Hepatica

We wonder where it will end. What if? What will happen? Our heart eyes jump forward to the future's unknowns.

In the wild winds of March, in the uncertainty of the ups and downs of the weather and viruses and world situations: the winds of change still remind us, God is bringing all things to a new spring. The March drizzle will not delay his spring, but only heralds coming dawn, sprinkled with pink dogwoods and mirrored by pink-lined spring beauty.

In the uncertainties of the world, Jesus says, "Come, walk with me." As we pant up the hill of unknowns, Jesus talks our hand and calms our beating heart. He is not worried; he asks us to pause stop and see his hand. Can you catch his hand and sense his surety?

Through the narrow, crooked gate, up through the path lined in fallen leaves. We are prone to walk past it, to get to the end and see where. But Jesus pauses, and points out the nest from last year: the cardinals will build again, and he sees each sparrow.

We are tempted to walk past it, but Jesus takes time to stop, halting us with a tug of his Spirit and hand. Stop, look. Look at the beauty of the deep green juniper at the bend. A contrast to the grey worry-winter. See? The evergreen a sign of his faithfulness, ever true, ever living.

The craggy trees hardly capture our eye. But Jesus pauses and exalts in the artistic lines of the twisted branches, the sheer majesty of age of wizened, thick trunks. We pause and see a sign of the God who is unchanging, eternal, in the ages of the trees.

Down the glacier-carved gullies of fear, up and then down another, around the bends of unknowns, we begin to catch Jesus' present pauses. "Look, a duck on the swamp! Look, a squirrel on the branch!" The journey becomes rich, seeing his eyes, his hand, present.

Then, then up to the east, at the base of an oak tree: the hepatica. Brush aside the fallen oak leaves, the falls that had heralded the worries of winter. But underneath God has been growing: the beautiful hepatic. First of the wildflowers in the woods, it comes out before the spring beauty, the more tender squirrel's corn and dutchman's britches. The black cohosh and geraniums have not peeped. The crocus has--in the protected garden. But here in the wild, in the chills of the winter-weary woods, springs the hepatica. Beauty from God's own hand.

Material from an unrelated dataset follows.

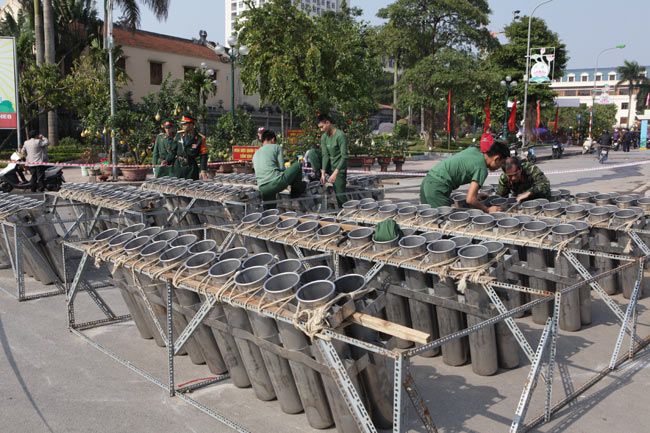 Ä'Æ¡n Vá»‹ Duy Nháº¥t Cá»§a Bá»™ Quá»'c Phong Ä'ang Sáº£n Xuáº¥t Cung á»©ng Phao Hoa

Come, walk with Jesus. In the worries, fears, unknowns, pause to see the junipers, apple trees, nests, and hepaticas of his faithfulness and presence.

I tried to capture this in a poem. The sapphic is a closely structured poem, with a certain syllabic meter. The sense of anticipation and searching, carefully within the structure of God's sovereignty, God's power, God's love, and God's poety.

Hepatica Loose Sapphic
Come, might hepatica be out to welcome
Early spring? Up the hill and around the trail
Up to the bank where the hepatica grows:
Here we look for spring.


First to appear may be the crocus dainty,
Raising her head in a sheltered garden bed.
But the hepatica still in winter’s chill:
Surely spring has come.


Under aging leaves in musty winter’s smell
Still edged with morning’s frost and lifting fog,
Base of oak, brush it clear and find nestled there
Spring’s hepatica.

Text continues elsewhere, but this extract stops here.